Fiorenza Herrera Diaz
Fiorenza Herrera Diaz ’21

(Wilmington, N.C.). Herrera, a transfer student from Miami Dade College (MDC), hopes to pursue a doctorate in sociology and teach at an institution similar to MDC, where she can mentor and inspire students from first-generation, low-income backgrounds similar to hers.

“I will be prepared to navigate the doctoral process through the resources Mellon Mays provides, such as guided research, mentorship, and workshops,” says Herrera. “I hope to be the link that can help my students succeed and inspire them with my story so that they see themselves at institutions like Swarthmore. As these students advance their education, they will begin to take on careers in fields like academia where there is presently a lack of diversity.”


Sonia Linares
​Sonia Linares ’22

(Los Angeles, Calif). Linares is a double major in history and peace & conflict studies. Her primary research interests include analyzing the correlation between mass deportations of gang members in Los Angeles in the early 1990s and present-day gang violence in El Salvador. She hopes to center her research around how individual communities within El Salvador are combating gang violence through a restorative lens, in opposition to state-led punitive measures that continue to be taken in the country at large.

“I look forward to working with mentors, engaging in critical conversations about research, and receiving feedback and support from mentors and peers on how to best tackle larger questions,” says Linares. “Upon graduating from Swarthmore, I hope to continue studying postwar violence and community engagement in El Salvador through an interdisciplinary program.”​​​​


Sierra Sweeney
Sierra Sweeney ’21

(Santa Fe, N.M.).  Sweeney, a double major in history and English literature, is interested in researching the historic and literary narratives of Indigenous and Hispanic women of the Southwest. Through this work, she hopes to bring greater attention to grassroots activism and the missing and murdered Indigenous women epidemic by highlighting women as key storytellers and leaders in their communities.

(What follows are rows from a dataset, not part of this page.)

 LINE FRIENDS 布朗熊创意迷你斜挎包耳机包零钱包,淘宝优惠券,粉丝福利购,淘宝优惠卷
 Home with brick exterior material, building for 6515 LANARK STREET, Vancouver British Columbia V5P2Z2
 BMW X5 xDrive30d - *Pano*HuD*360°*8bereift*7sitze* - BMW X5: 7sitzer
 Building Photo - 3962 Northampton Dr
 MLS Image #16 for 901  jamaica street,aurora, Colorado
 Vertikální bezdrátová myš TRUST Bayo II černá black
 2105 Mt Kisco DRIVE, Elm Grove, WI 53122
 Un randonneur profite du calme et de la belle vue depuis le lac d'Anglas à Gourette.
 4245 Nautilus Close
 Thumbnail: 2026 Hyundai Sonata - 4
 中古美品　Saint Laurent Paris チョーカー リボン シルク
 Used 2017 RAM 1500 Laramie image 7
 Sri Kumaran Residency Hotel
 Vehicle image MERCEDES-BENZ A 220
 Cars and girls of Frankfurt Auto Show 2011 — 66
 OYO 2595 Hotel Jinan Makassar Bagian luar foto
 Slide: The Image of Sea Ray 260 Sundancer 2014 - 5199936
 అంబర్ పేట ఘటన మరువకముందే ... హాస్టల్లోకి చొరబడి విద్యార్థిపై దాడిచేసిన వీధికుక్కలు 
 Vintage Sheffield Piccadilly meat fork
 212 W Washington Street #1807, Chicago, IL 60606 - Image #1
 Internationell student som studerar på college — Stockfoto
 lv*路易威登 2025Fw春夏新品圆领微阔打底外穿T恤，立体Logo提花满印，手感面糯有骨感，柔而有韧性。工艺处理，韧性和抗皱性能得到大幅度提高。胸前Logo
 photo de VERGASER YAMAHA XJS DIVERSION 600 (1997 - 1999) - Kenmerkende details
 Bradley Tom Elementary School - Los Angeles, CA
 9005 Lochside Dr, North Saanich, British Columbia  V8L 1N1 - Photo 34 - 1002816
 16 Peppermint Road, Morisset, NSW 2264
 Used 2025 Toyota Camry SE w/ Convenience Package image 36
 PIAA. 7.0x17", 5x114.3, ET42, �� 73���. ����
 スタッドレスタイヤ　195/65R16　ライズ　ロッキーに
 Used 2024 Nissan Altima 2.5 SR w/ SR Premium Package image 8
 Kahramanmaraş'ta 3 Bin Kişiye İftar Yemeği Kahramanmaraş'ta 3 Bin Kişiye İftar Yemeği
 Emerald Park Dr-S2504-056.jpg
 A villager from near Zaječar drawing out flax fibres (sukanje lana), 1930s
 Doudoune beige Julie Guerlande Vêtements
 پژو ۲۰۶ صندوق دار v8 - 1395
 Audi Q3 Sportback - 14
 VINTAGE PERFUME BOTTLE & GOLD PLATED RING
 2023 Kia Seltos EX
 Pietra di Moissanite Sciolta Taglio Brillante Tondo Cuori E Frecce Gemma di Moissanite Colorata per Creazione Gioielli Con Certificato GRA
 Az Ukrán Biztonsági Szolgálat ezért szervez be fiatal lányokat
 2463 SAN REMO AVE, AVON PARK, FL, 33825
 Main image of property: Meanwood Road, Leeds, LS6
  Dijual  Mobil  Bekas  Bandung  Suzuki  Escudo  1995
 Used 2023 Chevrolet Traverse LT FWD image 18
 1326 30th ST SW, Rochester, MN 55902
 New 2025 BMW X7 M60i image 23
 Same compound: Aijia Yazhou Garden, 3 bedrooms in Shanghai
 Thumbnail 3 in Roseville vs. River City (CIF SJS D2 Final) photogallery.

“This summer, I will be doing archival research and interviews with grassroots organizations run by and for Indigenous women,” says Sweeney. “Through my research and the works of Black and Indigenous theorists such as Saidiya Hartman and Sarah Deer, I hope to use this opportunity to show how contemporary Indigenous women are combating generational trauma and institutional inequalities.”


Murtaza Ukani
​Murtaza Ukani ’22

(Skokie, Ill.). Ukani is a double major in sociology & anthropology and peace & conflict studies who intends on concentrating in economic anthropology. His primary research interests include tracing transoceanic commercial, economic, and cultural exchanges in the Indian Ocean basin between the Swahili Coast, Arabian Peninsula, and western India.

“I am profoundly thankful to the professors who encouraged my pursuit of the fellowship and met my intellectual curiosities with open arms,” says Ukani. "Mellon Mays will be instrumental to my studies at Swarthmore and plans for graduate school. I find strength in knowing I will be surrounded by a community of engaged scholars who are invested in transforming academia.”